Artigo de opinião de Marta Betanzos Roig embaixadora de Espanha em Portugal, sobre entrevista do presidente da Generalitat da Catalunha.

O presidente Torra fez, na última quinta e sexta-feira, uma viagem a Portugal, onde semeou, naquele breve espaço de tempo, uma série de meias verdades, por chamá-las de alguma forma, que podem confundir a opinião pública portuguesa.
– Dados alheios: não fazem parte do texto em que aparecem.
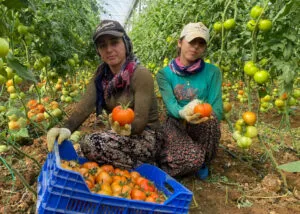 Antalya’da ilk domates hasatları gelmeye başladı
Descrevo, para que os leitores possam ter a sua própria opinião, as que na minha, deixou em entrevistas dadas ao Expresso e ao Diário de Notícias e que foram reproduzidas também por outros meios.

1. "Estou em Portugal para agradecer o facto de há um ano o Parlamento português ter aprovado uma resolução a solicitar que Espanha dê uma solução política ao conflito catalão, baseada na vontade do povo da Catalunha. "( Diário de Noticias 30-3-2019).
O Presidente Torra está a agradecer ao povo português uma coisa que não lhe deu. Há um ano a Assembleia da República aprovou uma resolução a apelar uma solução política que garantisse os direitos democráticos e sociais de todos os povos de Espanha, e entre eles o catalão. Perante uma afirmação que envolve toda a cidadania portuguesa é preciso esclarecer que o Presidente Torra, no entanto, só foi recebido por alguns parlamentares, e que o Ministro dos Negócios Estrangeiros, Santos Silva, disse de forma clara em Quito que, mesmo que ele pedisse, não o receberia. É falso que ele possa agradecer "o apoio do povo português" ou do Parlamento pela causa que defende

2. "Consideramo-nos herdeiros do tempo em que a Catalunha era um Estado independente." (Expresso, 30-3-2019).
A Catalunha nunca foi um Estado e menos ainda independente, mas sim um território do Reino de Aragão.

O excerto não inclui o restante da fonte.